WHAT TO WORK ON >> Only lines that contain the word "Panel" are to be returned from the data below.

START STORED DATA

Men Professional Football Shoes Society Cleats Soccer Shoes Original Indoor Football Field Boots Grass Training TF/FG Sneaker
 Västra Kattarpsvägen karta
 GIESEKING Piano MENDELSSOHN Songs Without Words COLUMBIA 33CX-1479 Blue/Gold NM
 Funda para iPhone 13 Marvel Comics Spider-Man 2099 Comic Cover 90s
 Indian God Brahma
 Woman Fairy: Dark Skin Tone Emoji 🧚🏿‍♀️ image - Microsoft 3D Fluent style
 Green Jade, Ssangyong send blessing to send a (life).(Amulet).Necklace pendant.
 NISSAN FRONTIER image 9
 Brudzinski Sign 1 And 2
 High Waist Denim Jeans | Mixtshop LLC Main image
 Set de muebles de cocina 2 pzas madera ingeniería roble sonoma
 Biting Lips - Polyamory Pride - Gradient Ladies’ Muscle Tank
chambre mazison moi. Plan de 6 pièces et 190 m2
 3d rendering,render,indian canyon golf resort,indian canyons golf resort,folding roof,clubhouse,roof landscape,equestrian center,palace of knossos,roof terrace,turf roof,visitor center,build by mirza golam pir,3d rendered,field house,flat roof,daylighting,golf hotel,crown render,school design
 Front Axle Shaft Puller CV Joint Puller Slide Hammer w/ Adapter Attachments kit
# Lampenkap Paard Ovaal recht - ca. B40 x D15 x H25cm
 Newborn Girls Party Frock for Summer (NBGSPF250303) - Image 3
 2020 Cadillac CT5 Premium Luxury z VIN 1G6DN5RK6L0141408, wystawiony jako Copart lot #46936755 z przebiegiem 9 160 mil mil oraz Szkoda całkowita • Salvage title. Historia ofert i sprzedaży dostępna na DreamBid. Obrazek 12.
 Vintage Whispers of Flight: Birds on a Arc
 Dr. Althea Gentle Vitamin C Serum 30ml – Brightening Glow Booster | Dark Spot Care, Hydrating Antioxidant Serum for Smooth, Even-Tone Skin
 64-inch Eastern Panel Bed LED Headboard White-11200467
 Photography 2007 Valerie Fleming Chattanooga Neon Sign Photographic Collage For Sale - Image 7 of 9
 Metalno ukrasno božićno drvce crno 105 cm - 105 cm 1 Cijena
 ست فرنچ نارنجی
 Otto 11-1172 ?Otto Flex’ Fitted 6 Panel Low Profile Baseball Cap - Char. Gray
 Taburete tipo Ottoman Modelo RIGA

END STORED DATA

ANSWER FOR THIS EXERCISE >>
 64-inch Eastern Panel Bed LED Headboard White-11200467
 Otto 11-1172 ?Otto Flex’ Fitted 6 Panel Low Profile Baseball Cap - Char. Gray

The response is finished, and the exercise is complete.